→ **Data for the task**

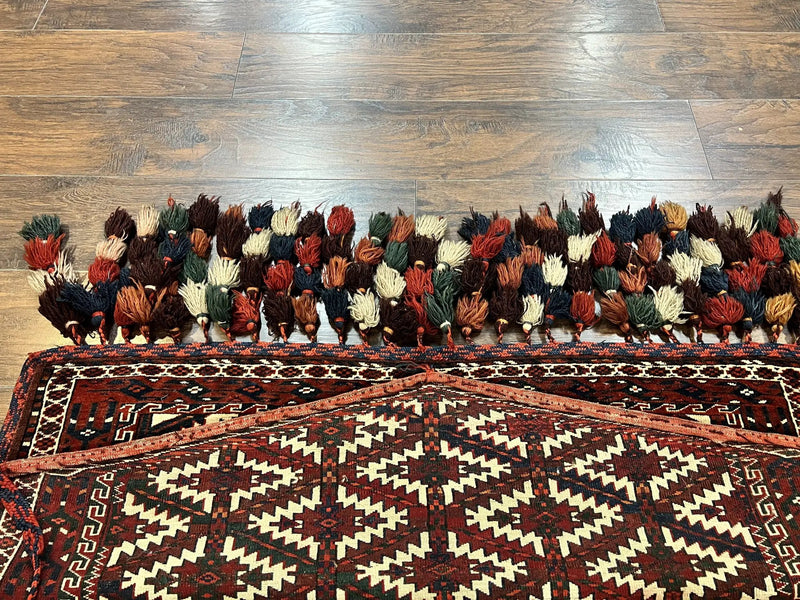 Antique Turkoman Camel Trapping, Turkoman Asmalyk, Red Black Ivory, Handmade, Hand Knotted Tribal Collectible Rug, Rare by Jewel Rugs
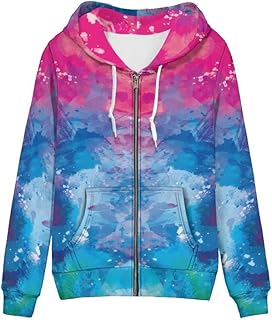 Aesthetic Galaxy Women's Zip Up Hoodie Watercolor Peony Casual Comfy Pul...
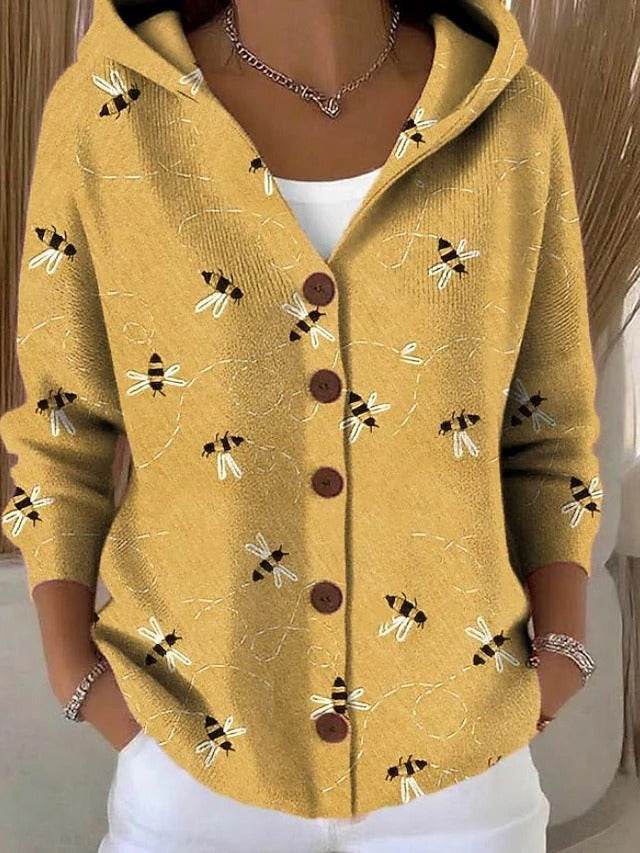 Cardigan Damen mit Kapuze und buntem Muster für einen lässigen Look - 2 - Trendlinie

...

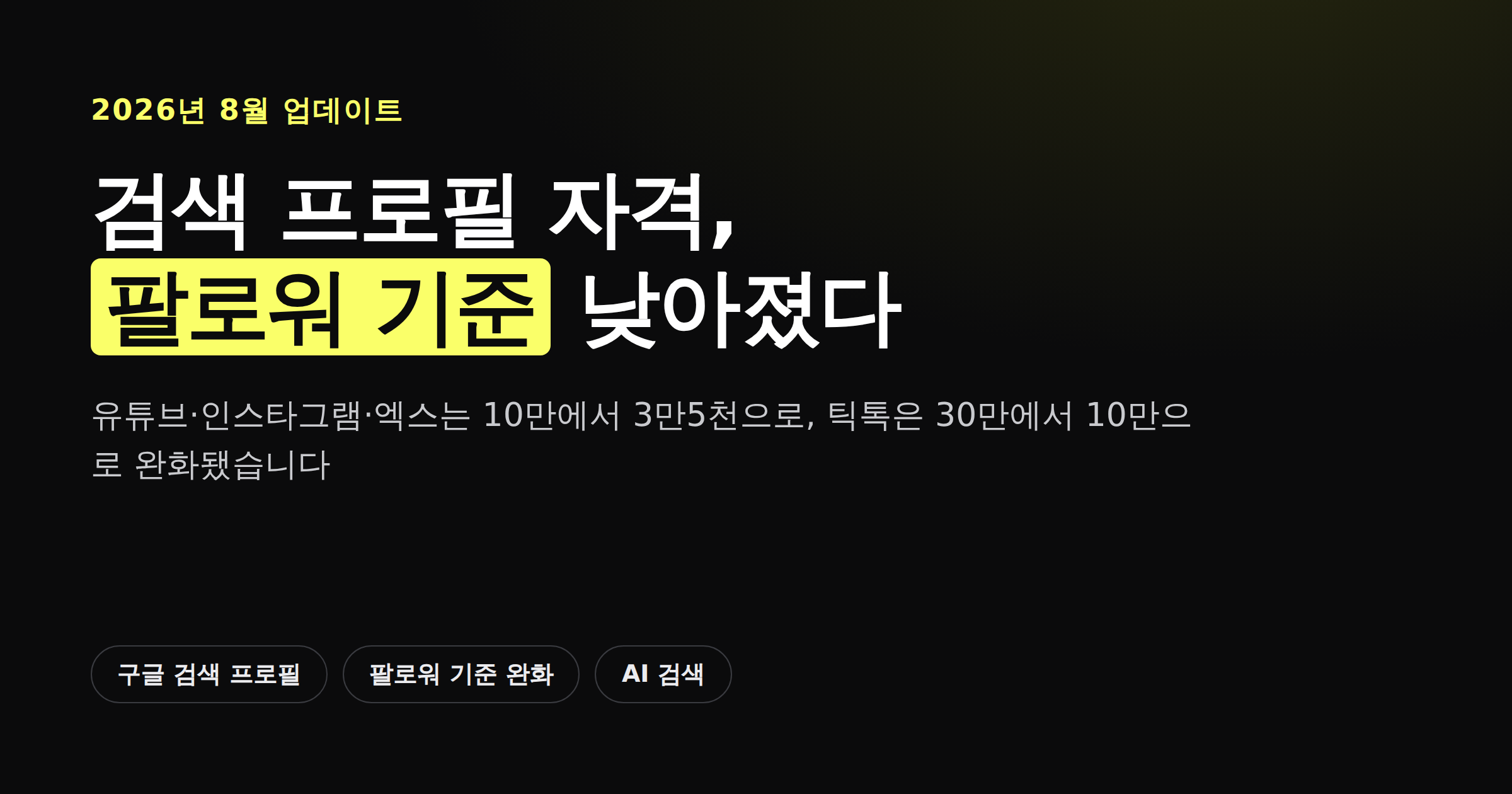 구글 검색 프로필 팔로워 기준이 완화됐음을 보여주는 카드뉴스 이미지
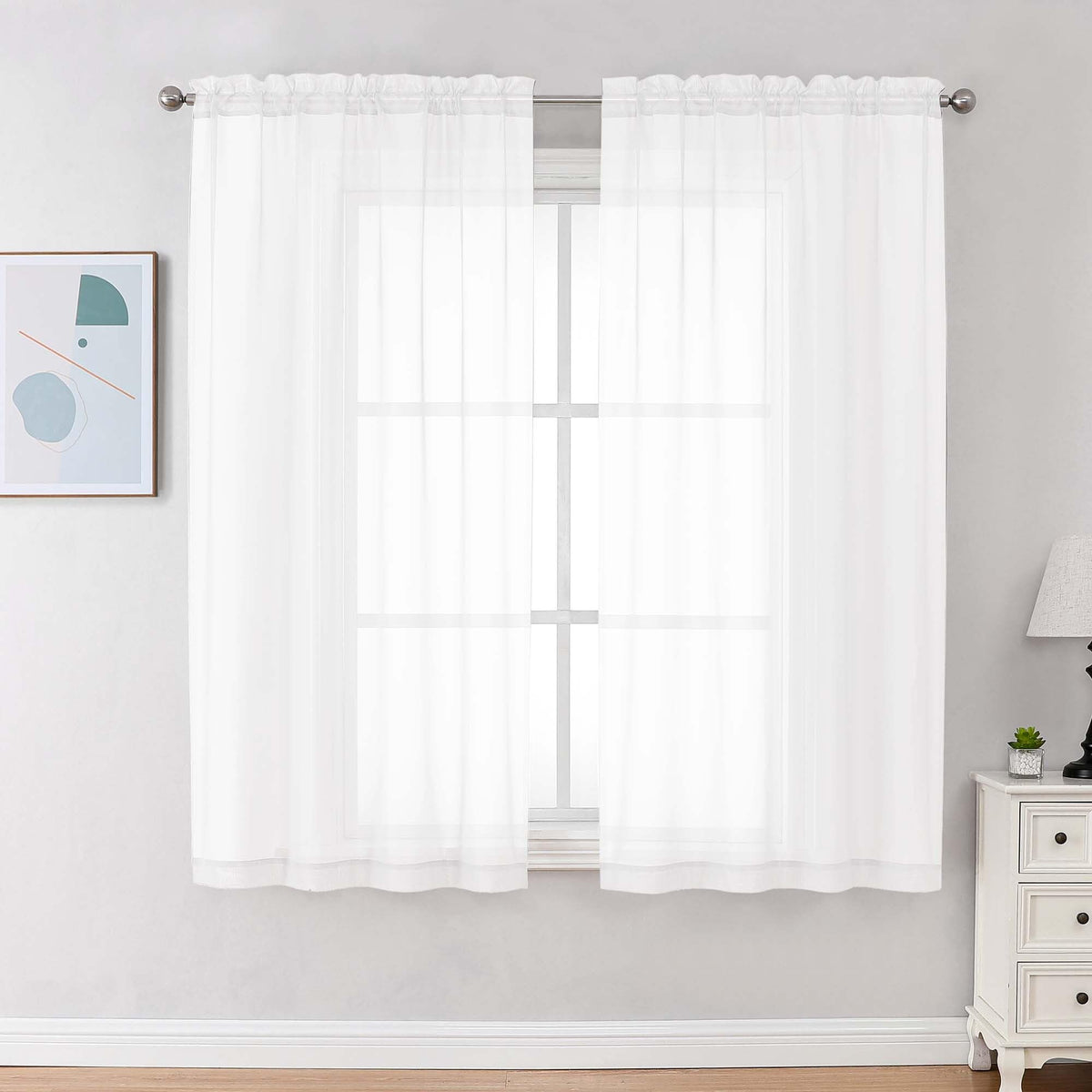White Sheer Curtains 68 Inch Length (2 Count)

→ **Task statement**
Would you set down only the lines above from the line with "Antique Turkoman Camel" to the line with "Cardigan Damen mit", both included, exactly as they stand and without the pictures?

→ **Answer for this exercise**
 Antique Turkoman Camel Trapping, Turkoman Asmalyk, Red Black Ivory, Handmade, Hand Knotted Tribal Collectible Rug, Rare by Jewel Rugs
 Aesthetic Galaxy Women's Zip Up Hoodie Watercolor Peony Casual Comfy Pul...
 Cardigan Damen mit Kapuze und buntem Muster für einen lässigen Look - 2 - Trendlinie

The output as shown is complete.